Posted about 1 year ago
Artist: Album: Imagine Our Love [5/8]

Let me just start out by putting my head right in my own guillotine. I really like Lavender Diamond. I like Becky Stark, her cute little roller skates, her child-like lyrics—I have been totally sold on this band since hearing the track “You Broke my Heart” off their first EP “Calvary of Light,” which I played on my way to work every single day for about a month. I also know that I will probably have to fight an urge to disown this music very quickly once “Imagine Our Love” hits the heavy Starbucks rotation list.

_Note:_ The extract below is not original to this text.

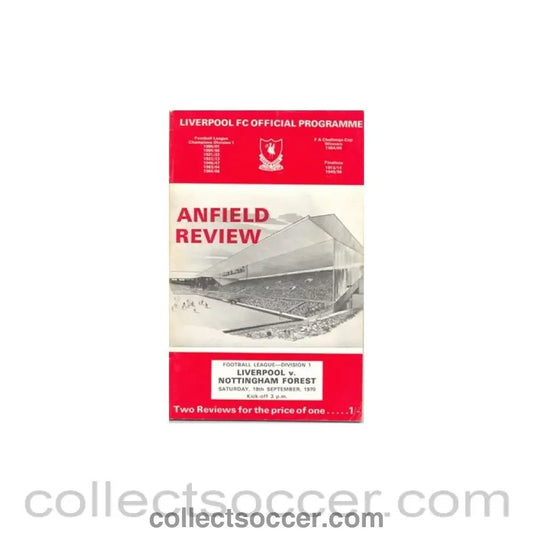 1970 - Liverpool v Nottingham Forest official programme 19/09/1970 - Collect Soccer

I went to a Canadian school, so due to Canadian content protocol, I spent much of my time delving deep into the back catalogs of Joni Mitchell, Leonard Cohen and Neil Young for my weekly radio program. Each has stuck with me, Leonard and Neil generally have a rotating spot on my ipod, while Joni, being the most problematic of the three, occupies a more solitary format: that of poorly labeled cassette dubs from college friends and old haggard vinyl LPs. I mean, do I really want to have “Both Sides Now” or “The Circle Game” blasting out of my car as I pull into the parking lot of the high school where I teach? And Joni is solitary music anyway; this is the woman who traveled all the way to New York for Woodstock to play only to stay in her hotel room and watch it on TV when she heard about the pandemonium. Yes, and this is where she wrote “Woodstock”. (Neil’s homage, in which he refers to the whole event as “that helicopter day,” is actually much better.)

On Joni’s first three albums or so, before she discovered jazz and Marlboros and got all into writing better lyrics and shit, the simplicity and longing of her clear, youthful, take-me-as-I-am voice was the most incisive, knife through the ice music of anything contemporary to her in the Nixon era. Not just the thinly disguised protest songs, but even the love ballads on “Clouds”. When I give those albums a once over, I find to my surprise that the lyrics aren’t really all that great (they get much better very quickly as the seventies progress). Yet this doesn’t seem to matter very much even now. What we have instead is a voice of angry, disturbed, passionate innocence; an idealism that could never last very long in the steaming pile of hopelessness that was 1970, and a voice that could never withstand the amount of cigarettes it was about to be fed.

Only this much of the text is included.